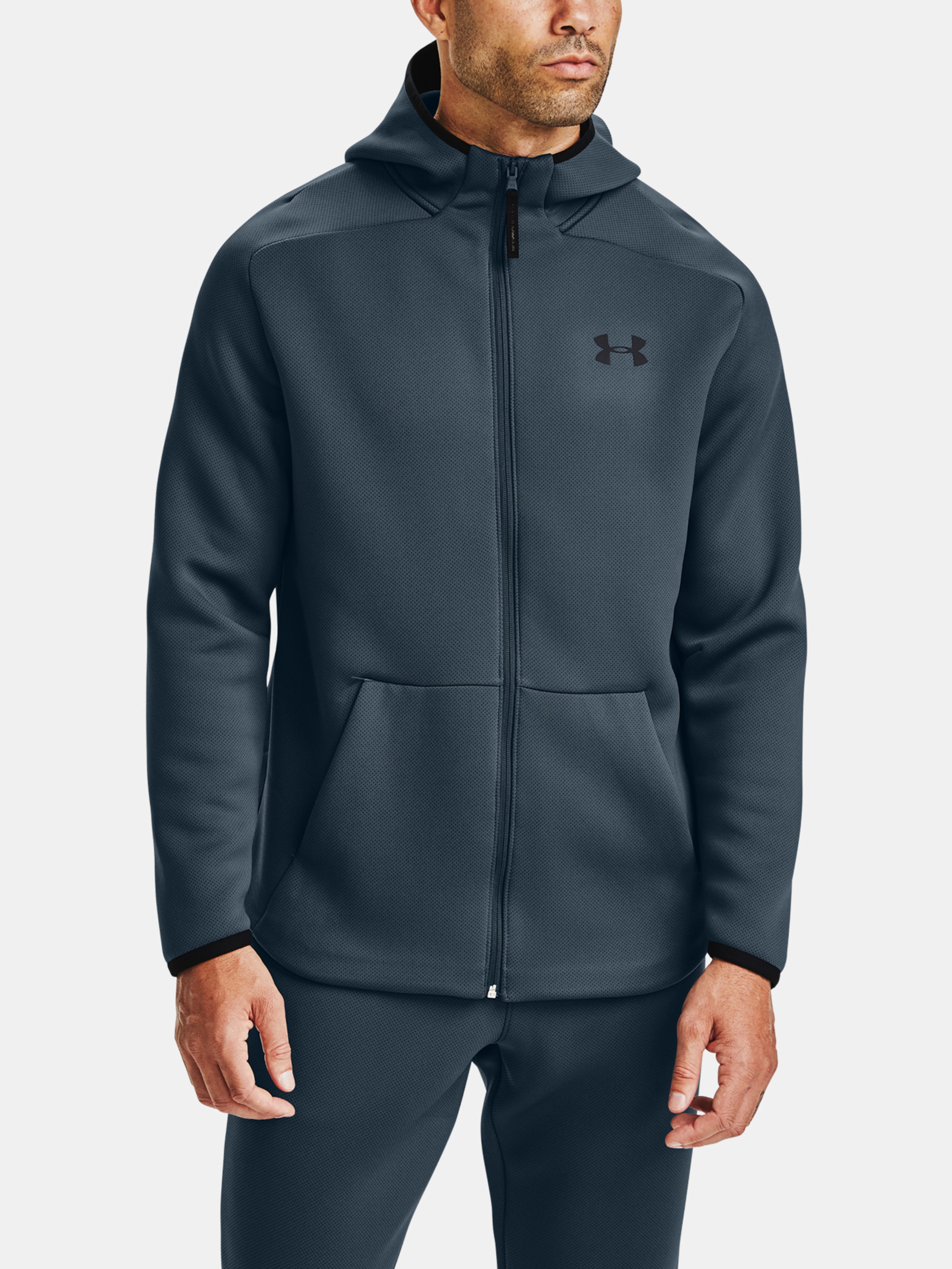 Meeste dressipluus Under Armour /MOVE FZ HOODIE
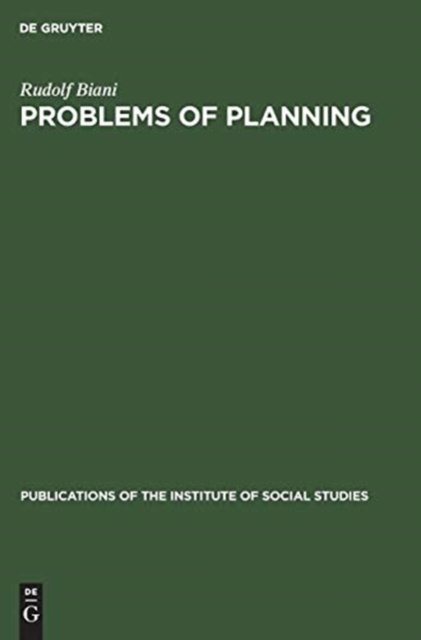 Problems of planning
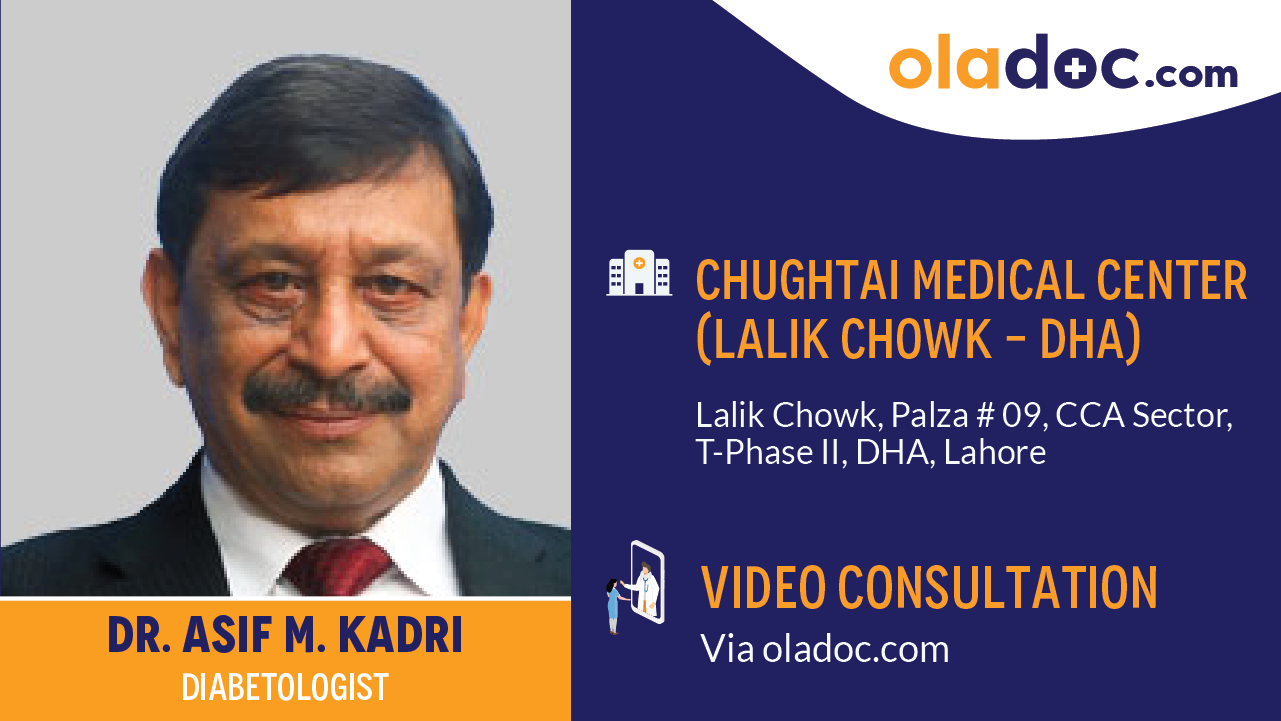 Practice locations of Dr.Asif M. Kadri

> TASK ITEM
Copy all of the data word for word, and keep the pictures out of it.

> ANSWER
 Meeste dressipluus Under Armour /MOVE FZ HOODIE
 Problems of planning
 Practice locations of Dr.Asif M. Kadri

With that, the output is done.